Это не значит, что автор трактата «О возвышенном» не проникнут до мозга костей страстным преклонением перед эллинской традицией. Гомер, Сапфо, Пиндар, Софокл, Демосфен — его кумиры; величественная древность, рядом с которой особенно проступает духовная несвобода современности, — его святыня. Но боготворимое им наследие лучших времен эллинства есть для него не «классика», как ее понимает всякий «классицизм» (появившийся в самом раннем из своих обличий как раз тогда)[98], не собрание непогрешимейших образцов самодовлеющего литераторства, не самовыявление академически понятой «красоты». Его привлекает не столько безупречность красоты, сколько безмерность величия. Вот почему рядом с давно осознанным и выкристаллизовавшимся в эстетической рефлексии идеалом «прекрасного» (то καλόν) он ставит другой идеал, осознанный им, по сути дела, как корректив к первому: идеал «возвышенного» (τό ύψος)[99]. Термин «возвышенное» для нас стерт и легко ассоциируется с безжизненной академичностью, но для Псевдо-Лонгина дело обстояло как раз наоборот: то ΰψος — это та неимоверность жизненной стихии, те крутизны и бездны духовного мира, которые слишком высоки и глубоки, чтобы уместиться в пределы категории «прекрасного». Эти крутизны и бездны автор тракта «О возвышенном» искал у своих любимых греческих авторов — но не только у них. Ибо в главе IX (§ 9) немедленно после разбора одного пассажа из «Илиады» мы читаем:
«...Так и законодатель иудеев, человек незаурядный, по достоинству постиг и выразил мощь божества, написав в самом начале своих законов: “Сказал Бог”. И что же Он сказал: “Да будет свет”, и был свет; “Да будет земля”, и была земля».

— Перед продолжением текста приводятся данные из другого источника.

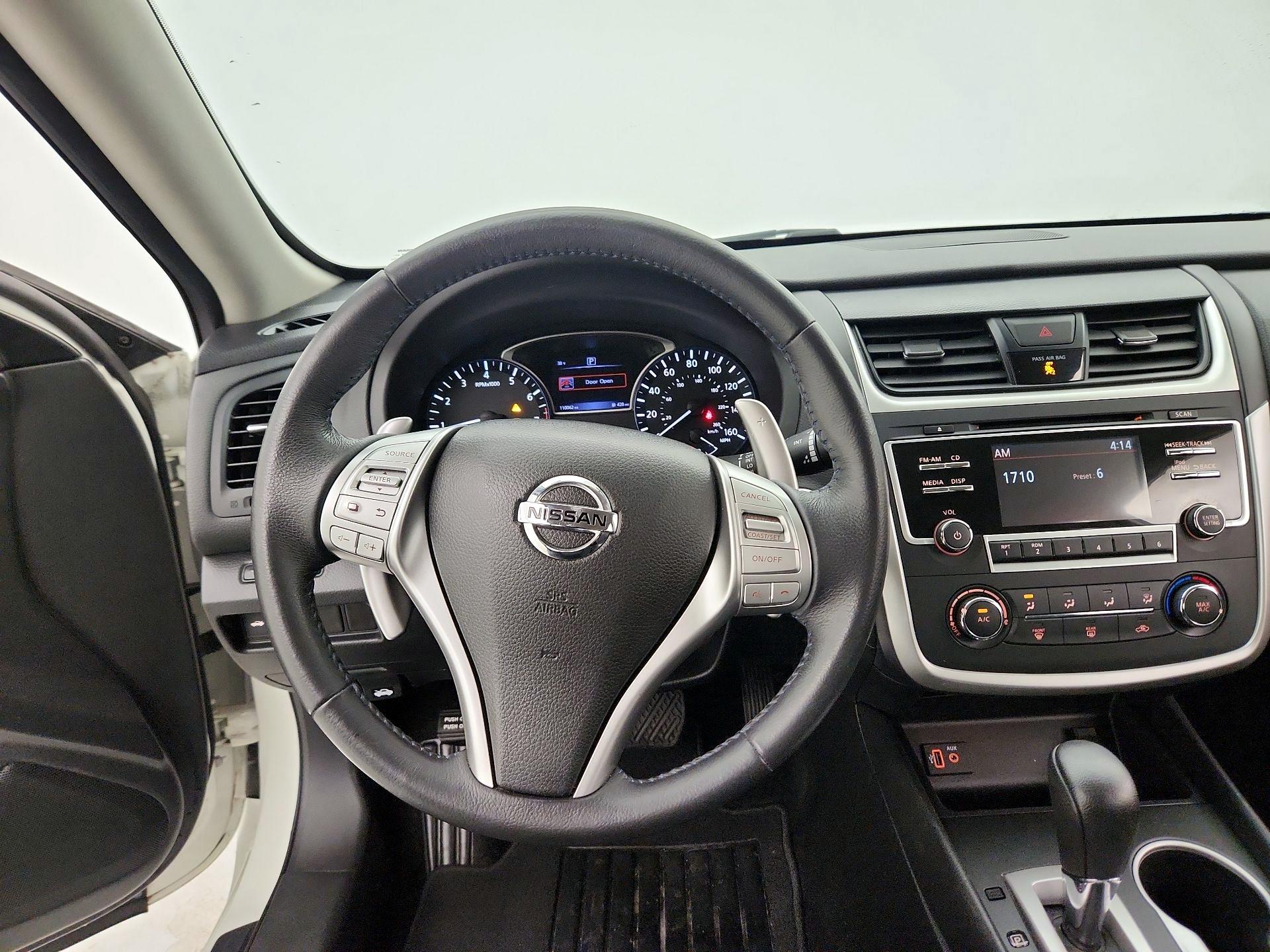 Thumbnail: 2017 Nissan Altima - 10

Единственное в своем роде значение этого места не может быть ослаблено тем, что Псевдо-Лонгин цитировал «Книгу Бытия», как мы видим, отнюдь не точно и, во всей видимости, не имел под руками текст Септуагинты, когда писал эти строки. Допустим даже, как это не раз делалось, что цитата вообще заимствована из вторых рук (например, взята из опровергаемого Псевдо-Лонгином трактата Кекилия, по свидетельству Суды, верующего иудея[100], или сообщена автору Филоном Александрийским во время приезда последнего в Рим в 41 г.[101]).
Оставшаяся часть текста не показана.